Especially under Pope Francis, the Church is trying to understand all of this, and to listen to how the Holy Spirit is speaking to us. Sometimes the Church has to acknowledge that God is not done with us, and that there is more for us to learn about love, and mercy. And there is still plenty of opportunity for us to be a light to the world about what we say we believe. But in a world that doesn’t believe in Christianity anymore—including members of our family, our children, friends, our students---it can be a bit discouraging to try to share what we believe about God or Jesus or life for that matter. Sometimes it feels as if there is no merry light in the sky, that all the light in the world has been swallowed up into a black hole.
In today's gospel Jesus has the same problem with his family and the people in his town. It was so serious that Jesus was literally unable to perform any miracles there. "And he could do no deed of power there, except that he laid his hands on a few sick people and cured them."
This is one of the most shocking statements in all the Gospels - that Jesus could not perform miracles. It is impossible for Jesus to perform miracles in a situation where there is no faith in who he is or what he says. Compare that to last week’s Gospel of the woman who was sick for years who reached out to Jesus as he passed. As soon as she touches him, healing power comes out of Jesus. As all-powerful as Jesus is, we have the capacity to disable him by our lack of faith. Faith is like a switch that turns God on, lack of faith turns God off.

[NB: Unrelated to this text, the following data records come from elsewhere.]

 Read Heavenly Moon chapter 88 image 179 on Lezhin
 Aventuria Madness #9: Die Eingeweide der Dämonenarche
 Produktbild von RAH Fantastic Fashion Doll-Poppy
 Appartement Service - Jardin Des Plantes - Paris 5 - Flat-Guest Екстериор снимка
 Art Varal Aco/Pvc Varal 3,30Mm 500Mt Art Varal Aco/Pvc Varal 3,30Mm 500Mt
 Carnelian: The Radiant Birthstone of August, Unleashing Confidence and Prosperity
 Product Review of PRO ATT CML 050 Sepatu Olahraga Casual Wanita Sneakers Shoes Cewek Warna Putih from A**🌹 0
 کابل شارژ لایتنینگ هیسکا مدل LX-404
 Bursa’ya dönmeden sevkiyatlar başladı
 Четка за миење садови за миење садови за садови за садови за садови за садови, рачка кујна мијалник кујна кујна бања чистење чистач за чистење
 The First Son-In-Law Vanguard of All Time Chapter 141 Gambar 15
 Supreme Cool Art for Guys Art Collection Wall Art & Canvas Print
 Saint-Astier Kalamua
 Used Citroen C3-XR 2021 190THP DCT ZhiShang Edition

Does it matter that so many people no longer think of America as a Christian nation? Does it matter that our kids, our husbands, our wives, our brothers and sisters, our friends no longer come to church to be with us here today, no matter how much we invite, nag, encourage or threaten them? Jesus said,"Prophets are without honor in their hometown, and among their own kin, and in their own house". It’s disappointing, for sure. But we kind of get it, don't we? We understand why it is happening.
But it shouldn't make us stop believing, shouldn't discourage us from sharing what matters with everyone around us.
We are the instruments of God's voice, and there will be many times when no one will be listening, when you will be dismissed, or worse, despised. That is the prophet's fate, and all of us have some vocation to be a prophet as well. We need to speak the truth as we hear it.
In love—always in God's love—we need to paint the sky with the good news that we believe to be true: to tell others how beautiful they are through and through, how ugly they can be when they speak or act in hate or fear or selfishness. Maybe especially in a post-Christian world our faith can make a firework of miracles happen, and shouldn’t we try to do so?
May we declare our dependence on the God who loves us all so much, and may our faith be as awe-inspiring as a sky full of glittering lights.